Kensington oozes Conservative power, home to some of the most prominent members of the party, past and present. These include Michael Gove, who famously declared Britain tired of experts as he stumped for the country’s split with Europe, and George Osborne, a former chancellor of the Exchequer and now editor of the London Evening Standard. The paper shares headquarters on Kensington’s main commercial street with the powerful right-wing tabloid the Daily Mail. The back yard of the headquarters is Kensington Square, where Amber Rudd, the home secretary and a possible replacement for May as Conservative leader, lives.

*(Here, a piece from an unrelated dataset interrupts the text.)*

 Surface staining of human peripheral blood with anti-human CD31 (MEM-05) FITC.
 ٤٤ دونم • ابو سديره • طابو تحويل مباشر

Anne Carey, who also lives on the square and counts Rudd a friend, voted Labour, abandoning the Conservatives, whom she had backed in 2015. She said she voted in solidarity with the youth, who came out in unexpected numbers to support Labour in its crusade against austerity. Sarah Joynt, 28, said young people have observed the rightward turn taken by President Trump and feel compelled to demand something different.

In Kensington, hostility to May’s plan to pursue a severe version of Brexit was pronounced. The Conservative incumbent, Victoria Borwick, broke with her constituents, 68 percent of whom voted to remain, and cheered Brexit. That almost led Lorna Ghali, a 52-year-old artist, to vote Labour, though she chose not to because she said she distrusts Corbyn. Conservatives said it was the foibles of their incumbent that cost Conservatives the seat, as she squandered the 7,000-vote majority she enjoyed in 2015. 

But Labour’s Emma Dent Coad, the local council member who unseated her by a razor-thin margin of 20 votes, said her victory owed to the mobilization of forgotten residents of Kensington.

“The Conservative government has pillaged people’s lives,” said Dent Coad, who managed an 11 percent swing to Labour. She held up her win as evidence that Labour did not need to move to the center to win traditional Tory seats, pledging, “If I can do it here, there is a way forward in future elections. We’re not a microcosm, per se, but we do have all types of voters here.”

Kensington is a spectacle of great fortune. But it is also a study in contrasts — an illustration of how inequality works in London. 

Just steps from a stylish Kensington cafe frequented by David Cameron, the Conservative prime minister felled by Brexit, sits Trellick Tower, a 31-story, brutalist housing complex. Many of the units are subsidized by the state.

One of Trellick’s residents is Ed Davis, 38, who voted for the first time Thursday — for Labour. Pollsters said an even greater factor in Kensington than people who switched parties may have been nonvoters who chose to enter the fold for the first time.

Davis declared himself part of the “disenfranchised generation” — arriving at political consciousness under the premiership of Tony Blair, the Labour politician who fell into disfavor by supporting the war in Iraq. 

With Corbyn, Davis said, he saw “a glimpse of something genuine.”

“I never felt like I had something to vote for,” said Davis, who owns a moving company. “But I saw the connection that Corbyn was having with the mass population, and I also got pretty offended by the Conservatives.”

Sarah Harper, an expert in population studies at the University of Oxford, said Kensington’s flip illustrates unique demographic changes in cities, as the neighborhood has seen an influx of people in their 30s and 40s, as well as a large overseas-born population.

This portrait of Kensington belies the idea that its more comfortable residents are knee-jerk Conservative voters, said the independent candidate for Parliament, James Torrance. The assumption finds expression in the saying that people “would vote for a donkey if it had a blue rosette on it,” he said, referring to the Conservative emblem.

That joins a long list of suppositions shattered by another unpredictable British vote.